More and more players are no longer willing to take over high-valued VC coins, and the market participation, regardless of new or old projects, has reached a discount.
In addition, data from CoinMarketCap and CoinGecko shows that there are currently over 20,000 Altcoins (excluding low-cap memes), which is 2-3 times more than in 2021. The large number of tokens and the prosperity of memes must have had an impact on the attention and returns of mainstream Altcoins.
III. The MEME market is fast-paced and intense
The VC coins that were once the focus in previous cycles are no longer the darlings. After failing to find the wealth effect they were looking for on CEXs, market players have turned to on-chain mining.
The craze for on-chain memes on Solana has swept the industry. Undeniably, the wealth effect of memes like WIF/BOME/TRUMP has attracted great market attention, but if you chose to hold as a diamond hand until now without cashing out, the profits you've given back will be many times more.
WIF has fallen from a high of around $4.8 after listing on Binance to $0.8 now. BOME has fallen from a high of $0.029 after listing on Binance to $0.002 now. Although TRUMP brought wealth effects to some on-chain players, if you didn't choose to take profits at the market high of $70, TRUMP plummeted to a low of $16 in just about a week.
MEME seems fair, but the difficulty is not small either. The growth and decline of market targets is getting faster and faster, and participants who don't keep up can easily get severely trapped.
Take the AI-themed meme GOAT as an example. On October 23, 2024, trader Nachi tweeted that he had acquired 4% of GOAT's total supply, saying "This will be the best trade of the cycle." At that time, GOAT was around $0.5. On December 12, Nachi still said he held GOAT, which was then $0.84. After that, the price plummeted, first being overshadowed by ACT, and then losing heat to projects like VIRTUAL, with the price even falling below $0.1, while GOAT's all-time high was once $1.37.
Taking the meme coins famous on Moonshot as an example, Foresight News selected the tokens listed on the Moonshot platform from November 2024 to January 2025 as the research sample. Of the 116 tokens listed, only 17 are currently trading above their listing price, accounting for less than 15%, and the vast majority of projects are in a downward trend, with over 85% of the projects having fallen.

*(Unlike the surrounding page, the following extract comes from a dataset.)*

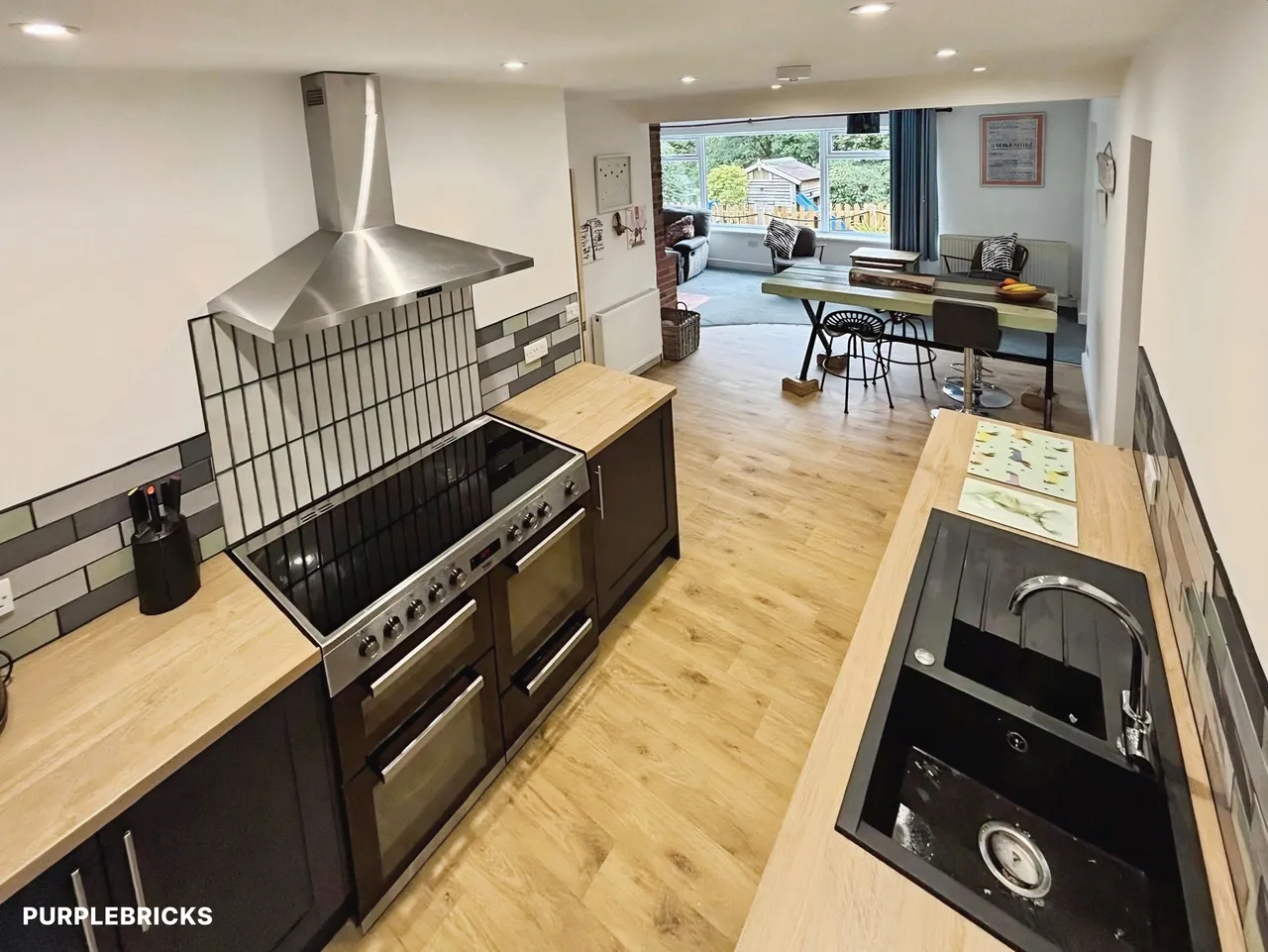 Shawfield Avenue, Holmfirth, HD9, photo 5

The cold, hard data behind this tells market players that it is not easy to pick good targets and cash out at high returns with low costs. It is normal for MEME to drop more than 80% or even go to zero.
The fast pace and high intensity of MEME have also spread to some Altcoin markets with already fragile liquidity. Those with low narrative ceilings, no hype, and high valuations are all facing a "dark moment".
IV. What to do?
From a long-term perspective, the market's requirements for diamond hands are becoming higher and higher. First, it is necessary to judge the market sentiment and the range of top-up profit-taking. If you hold on to the wrong position and refuse to sell, all the profits may eventually be in vain. Secondly, it is necessary to carefully select the targets, which targets are worth the diamond hands need to be very cautious. Once the wrong track is selected, even if the bull market comes again, it may have nothing to do with you.
It is generally not advisable to be a diamond hand in the Altcoin track.
Timely cash-out and withdrawal to improve life is also a relatively good way. Reducing positions can help reduce the pressure of subsequent holdings. Once there is a significant retracement, the realized profits can ensure that there are still opportunities to capture in the future.